List:Commits« Previous MessageNext Message »
From:Sergei Golubchik Date:February 29 2008 10:29pm
Subject:Re: bk commit into 5.1 tree (mattiasj:1.2518) BUG#33479
View as plain text  
Hi!

On Feb 21, mattiasj@stripped wrote:
> ChangeSet@stripped, 2008-02-21 10:09:43+01:00, mattiasj@witty. +3 -0
>   Bug#33479: auto_increment failures in partitioning
>   
>   Several problems with auto_increment in partitioning
>   (with MyISAM, InnoDB and Falcon)
>   
>   Code only patch (the test cases will be in a separate patches
>   5.1+ (InnoDB+MyISAM) and 6.0 (Falcon)
>   
>   Changed the auto_increment handling for partitioning:
>   Added a ha_data variable in table_share for storage engine specific data such as
>   auto_increment value handling in partitioning
>   and using the ha_data->mutex to lock around read + update.
>   
>   The idea is this:
>   Store the table's reserved auto_increment value in
>   the TABLE_SHARE and use a mutex to lock it for reading and updateing it,
>   only accessing all partitions when it is not initialized.
>   Also allow reservations of ranges, and if no one has done a reservation
>   afterwards, lower the reservation to what was actually used after
>   the statement is done (via release_auto_increment from WL#3146).
>   
>   This should be quite fast and work with any local storage engine.

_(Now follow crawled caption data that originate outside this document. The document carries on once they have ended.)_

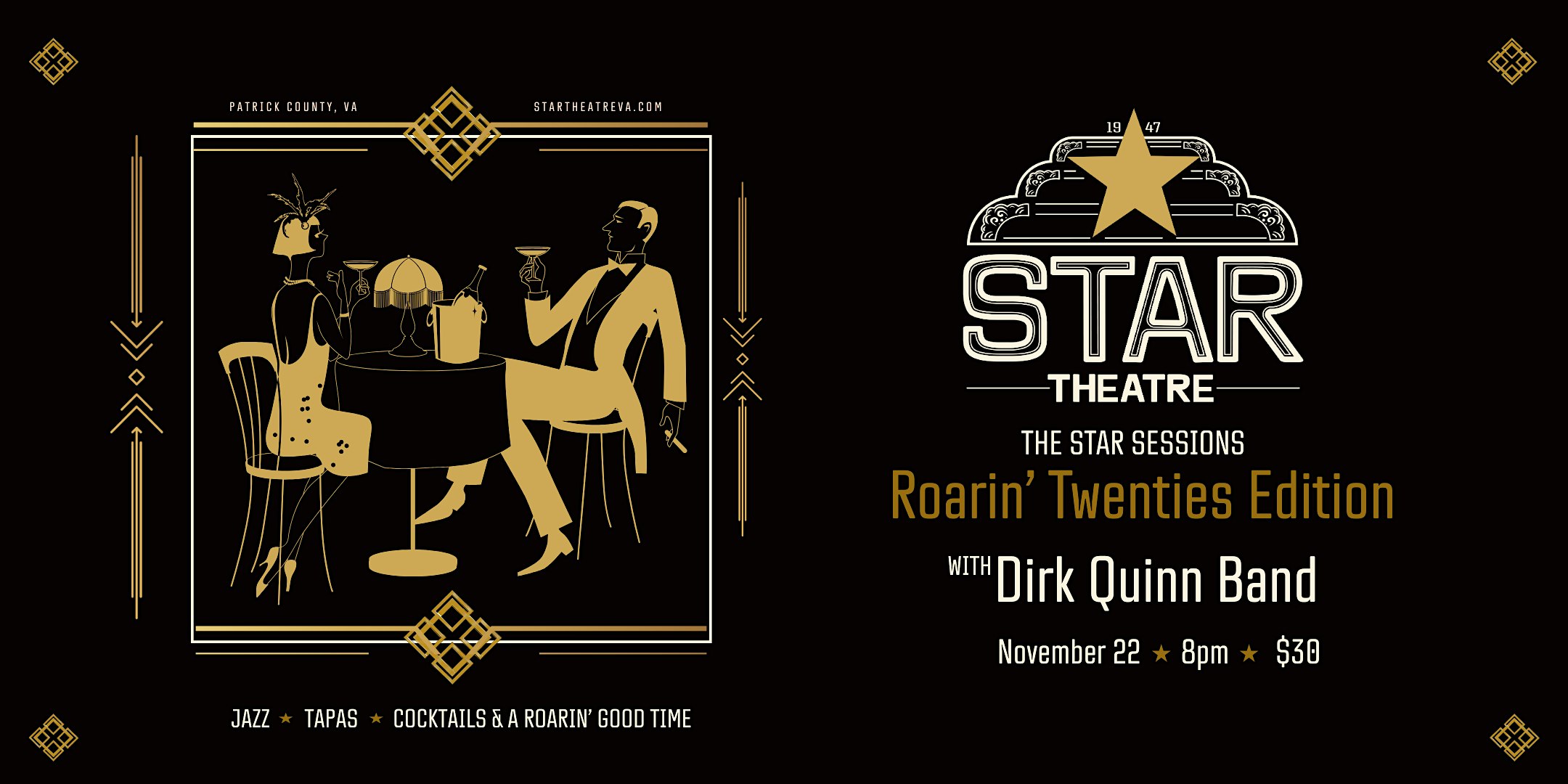 The Star Sessions:Roarin’ Twenties Edition at Historic Star Theatre – Stuart, VA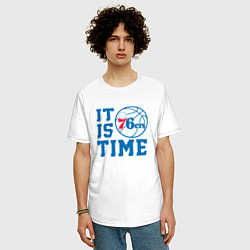 Футболка оверсайз мужская It Is Philadelphia 76ers Time Филадельфия Севенти, цвет: белый — фото 2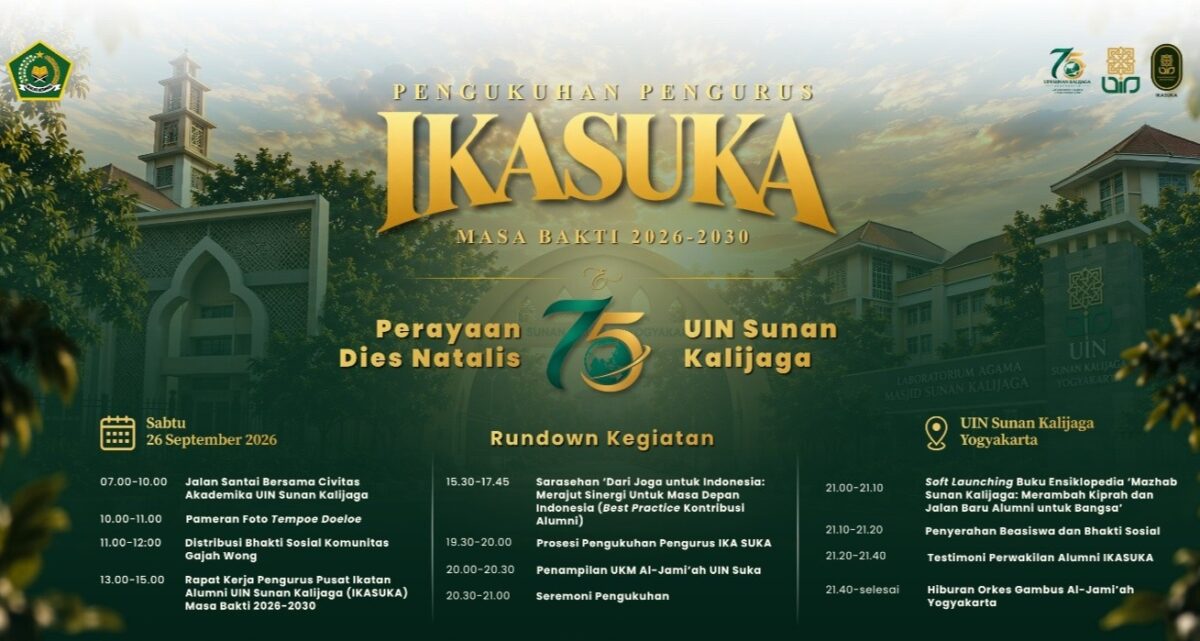 Puncak perayaan Dies Natalis ke-75 Universitas Islam Negeri (UIN) Sunan Kalijaga Yogyakarta pada 26 September 2026.(poto: kemenag.go.id).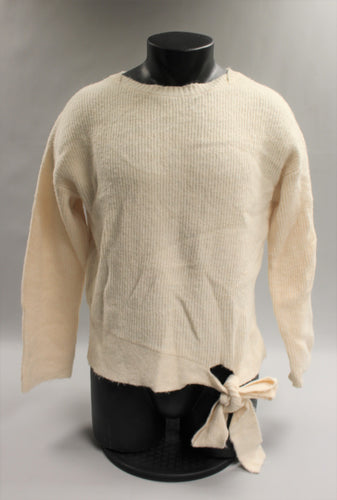 Women's Crew Neck Tie-Hem Pullover Sweater A New Day Cream Medium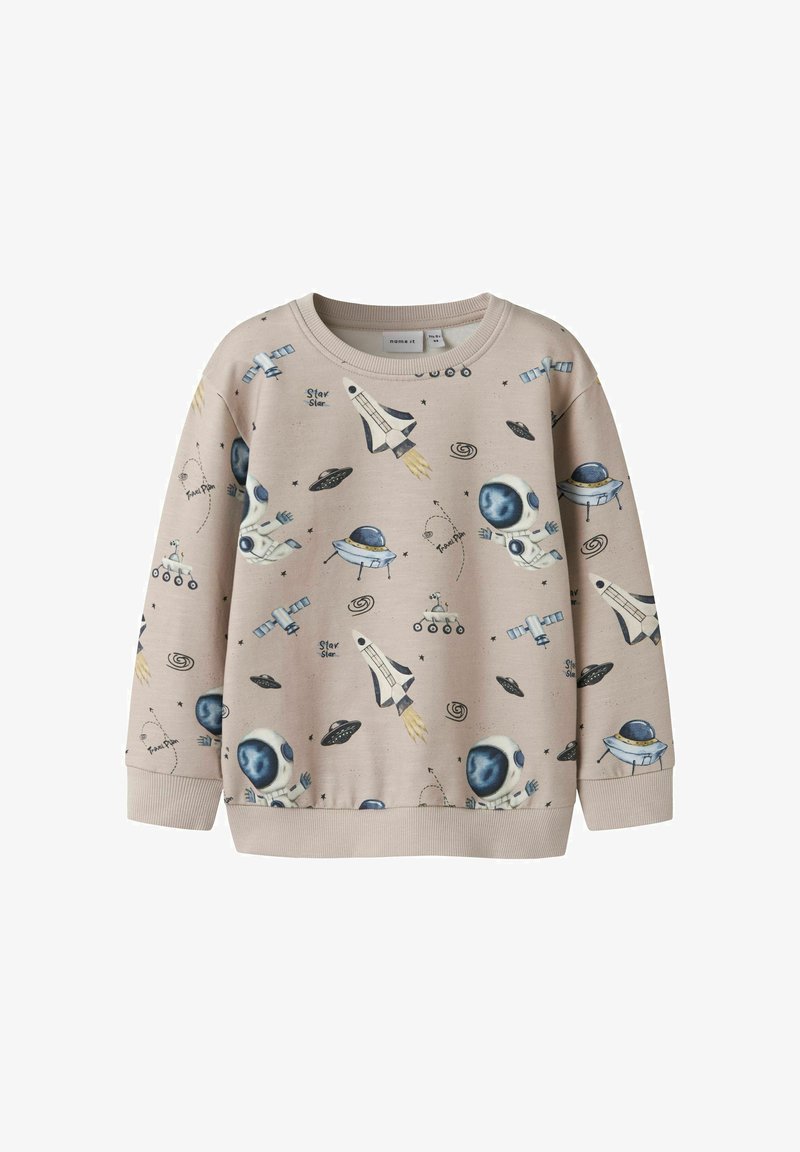 Sweat-shirt beige pour enfants avec des motifs sur le thème de l'espace, comprenant des astronautes, des fusées, des satellites, des OVNI, des rovers et des étoiles.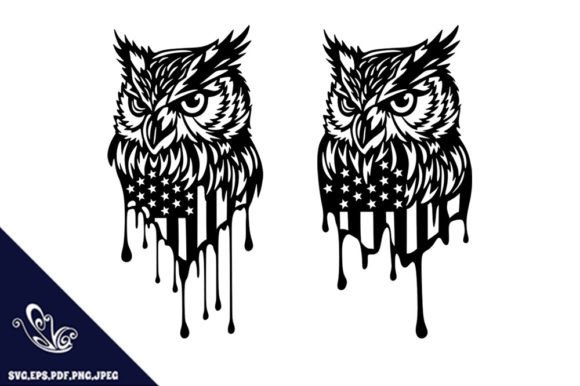 Patriotic Owl USA Flag SVG Graphics for Crafts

Generally, I like it, it's certainly on the right track.
Thanks for adding TABLE_SHARE::ha_data.
Still I have some comments and questions, see below:
 
> diff -Nrup a/sql/ha_partition.cc b/sql/ha_partition.cc
> --- a/sql/ha_partition.cc	2007-12-20 19:16:51 +01:00
> +++ b/sql/ha_partition.cc	2008-02-21 10:09:42 +01:00
> @@ -4412,20 +4443,46 @@ int ha_partition::handle_ordered_prev(uc
>  int ha_partition::info(uint flag)
>  {
>    handler *file, **file_array;
> +  HA_DATA_PARTITION *ha_data= (HA_DATA_PARTITION*) table_share->ha_data;
>    DBUG_ENTER("ha_partition:info");
>  
>    if (flag & HA_STATUS_AUTO)
>    {
> +    bool auto_increment_lock= FALSE;
>      DBUG_PRINT("info", ("HA_STATUS_AUTO"));
> +    if (ha_data->auto_inc_initialized &&
> !table_share->next_number_keypart)
>      {
> +      DBUG_PRINT("info", ("Using ha_data->next_auto_inc_val: %llu",
> +                          ha_data->next_auto_inc_val));
> +
> +      lock_auto_increment(&auto_increment_lock);
> +      stats.auto_increment_value= ha_data->next_auto_inc_val;
> +      unlock_auto_increment(&auto_increment_lock);
> +    }
> +    else
> +    {
> +      ulonglong auto_increment_value= 0;
> +      file_array= m_file;
> +      DBUG_PRINT("info", ("checking all partitions for auto_increment_value"));
> +      do
> +      {
> +        file= *file_array;
> +        file->info(HA_STATUS_AUTO);
> +        set_if_bigger(auto_increment_value, file->stats.auto_increment_value);
> +        DBUG_PRINT("info", ("file->stats.auto_increment_value: %llu",
> +                            file->stats.auto_increment_value));
> +      } while (*(++file_array));
> +      stats.auto_increment_value= auto_increment_value;
> +      if (!table_share->next_number_keypart)
> +      {
> +        lock_auto_increment(&auto_increment_lock);
> +        set_if_bigger(ha_data->next_auto_inc_val, auto_increment_value);

why set_if_bigger here ?

> +        ha_data->auto_inc_initialized= TRUE;
> +        unlock_auto_increment(&auto_increment_lock);
> +      }
> +    }
> +    DBUG_PRINT("info", ("stats.auto_increment_value: %llu",
> +                        stats.auto_increment_value));
>    }
>    if (flag & HA_STATUS_VARIABLE)
>    {
> @@ -5579,19 +5636,29 @@ int ha_partition::cmp_ref(const uchar *r
>                  MODULE auto increment
>  ****************************************************************************/
>  
> -void ha_partition::restore_auto_increment(ulonglong)
> -{
>  
> +int ha_partition::ha_reset_auto_increment(ulonglong value)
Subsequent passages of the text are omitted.